+++ SUPPLIED DATA
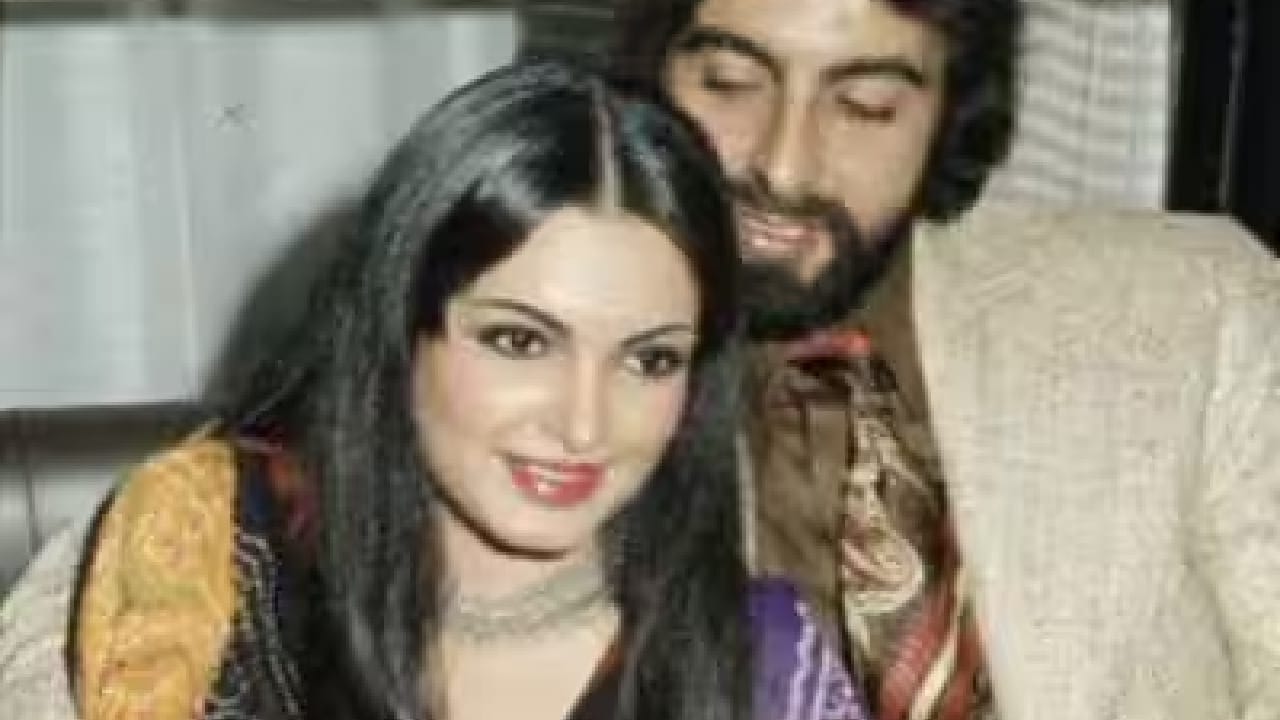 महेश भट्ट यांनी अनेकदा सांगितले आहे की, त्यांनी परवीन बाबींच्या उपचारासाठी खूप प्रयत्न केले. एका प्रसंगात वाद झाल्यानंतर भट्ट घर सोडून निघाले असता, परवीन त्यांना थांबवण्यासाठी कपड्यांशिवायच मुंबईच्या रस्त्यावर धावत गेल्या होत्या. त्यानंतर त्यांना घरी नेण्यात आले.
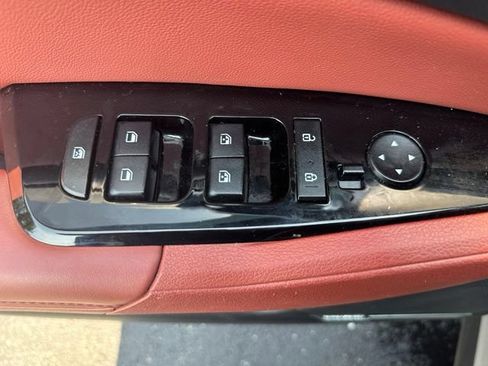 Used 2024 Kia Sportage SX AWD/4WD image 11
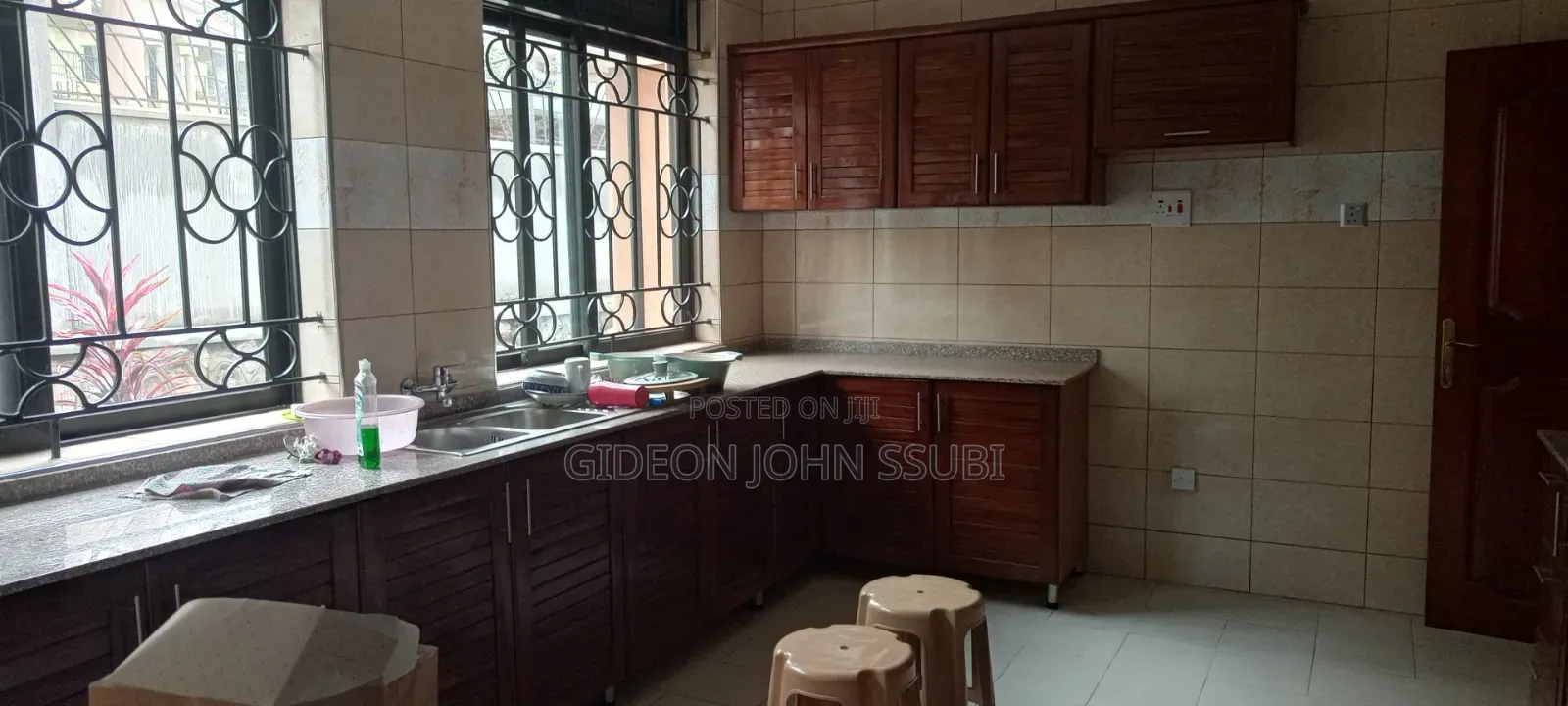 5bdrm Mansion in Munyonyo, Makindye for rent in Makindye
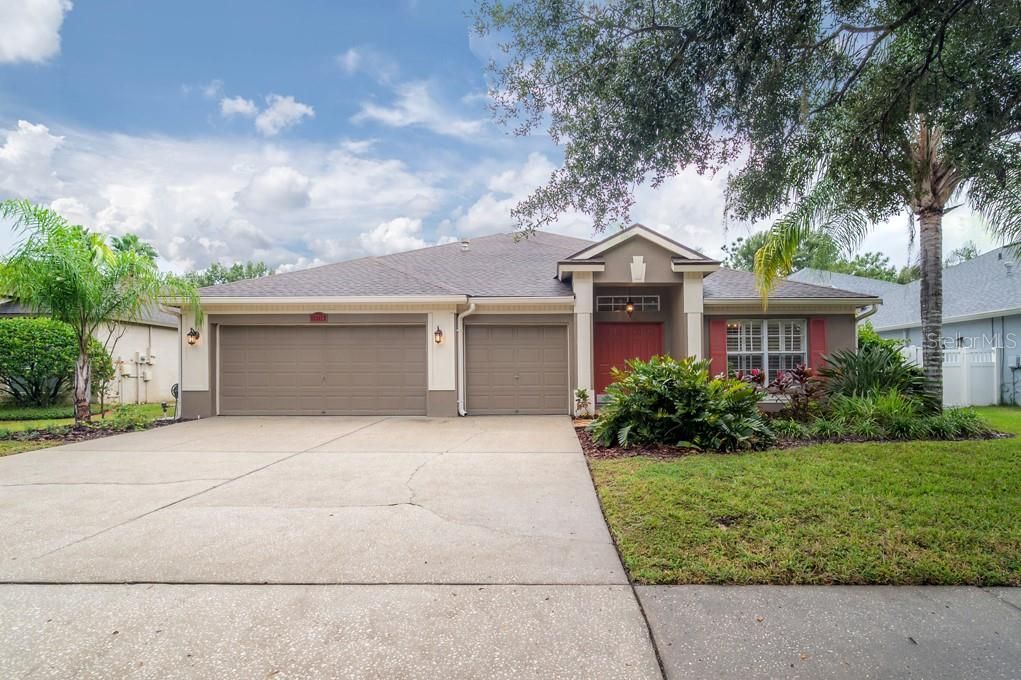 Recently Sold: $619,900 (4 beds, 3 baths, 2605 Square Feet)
++++++
### [WHAT TO WORK ON]
Return the listing above unaltered, omitting its pictures.

### [OUTPUT BELOW]
 महेश भट्ट यांनी अनेकदा सांगितले आहे की, त्यांनी परवीन बाबींच्या उपचारासाठी खूप प्रयत्न केले. एका प्रसंगात वाद झाल्यानंतर भट्ट घर सोडून निघाले असता, परवीन त्यांना थांबवण्यासाठी कपड्यांशिवायच मुंबईच्या रस्त्यावर धावत गेल्या होत्या. त्यानंतर त्यांना घरी नेण्यात आले.
 Used 2024 Kia Sportage SX AWD/4WD image 11
 5bdrm Mansion in Munyonyo, Makindye for rent in Makindye
 Recently Sold: $619,900 (4 beds, 3 baths, 2605 Square Feet)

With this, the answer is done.